This bit in Marco Roth’s review of several Russell Hoban novels hit a chord with me and made me scrabble in my bookcases for my own copy of Riddley Walker:
Unlike Tolkien’s Middle Earth and its logical Elvish languages, intended to provide an ordered universe for dualistic fantasies of good v. evil, Riddley Walker’s world is our own, warped to breaking point. The pleasure of puzzling over Hoban’s inventiveness is complicated by the horror of the novel’s premise. The hellish aftermath of nuclear winter isn’t funny, and every pun or chopped up bit of language is a trace of this, as well as a game for the reader.
Adam Roberts in his foreword to the 2012 SF Masterworks wrote about being sixteen in 1980 when reading Riddley Walker and “the pervasive, acute anxiety that nuclear war might break out any day”. I’m a decade younger than him and I also remember that fear growing up in the eighties, only receding in the latter half of the decade. It might not be a coincidence that this novel, though started the year of my birth, 1974, was only finished and published in 1980. Roth cuts at the heart of Riddley Walker with this paragraph: nuclear war as a disaster that not just destroys society, but language itself. It reminds me of Threads, which similarly argued that the real disaster of nuclear war wasn’t just the war itself, but the destruction of human culture in its aftermath. My own fears at the time were more primeval, as in just not wanting to die in a nuclear war. It’s only later that I understood that as the true horror of a nuclear war. The threat of the destruction of not just civilisation, but of humanity smashed back to the stone age, its history lost, unable to climb back on.

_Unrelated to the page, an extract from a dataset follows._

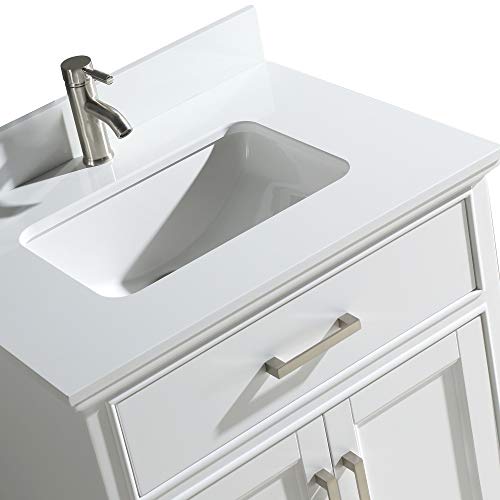Vanity Art 24 Inches Single Sink Bathroom Vanity Set White Super Phoenix Stone Top 1 Dove-Tailed Drawer 1 Shelf Undermount Rectangle Sink Cabinet With Free Mirror Va1024-W #TOP5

That’s the difference between Riddley Walker/Threads and most American nuclear holocaust fiction. By the eighties it was impossible to pretend here in Europe that a nuclear war could be survived, let alone won; there just isn’t any place to escape to if the bombs had started dropping. In America on the other hand, with its still massive wilderness, you could imagine surviving away from the cities, rebuilding something akin to civilisation. Whether that would’ve been true is another matter.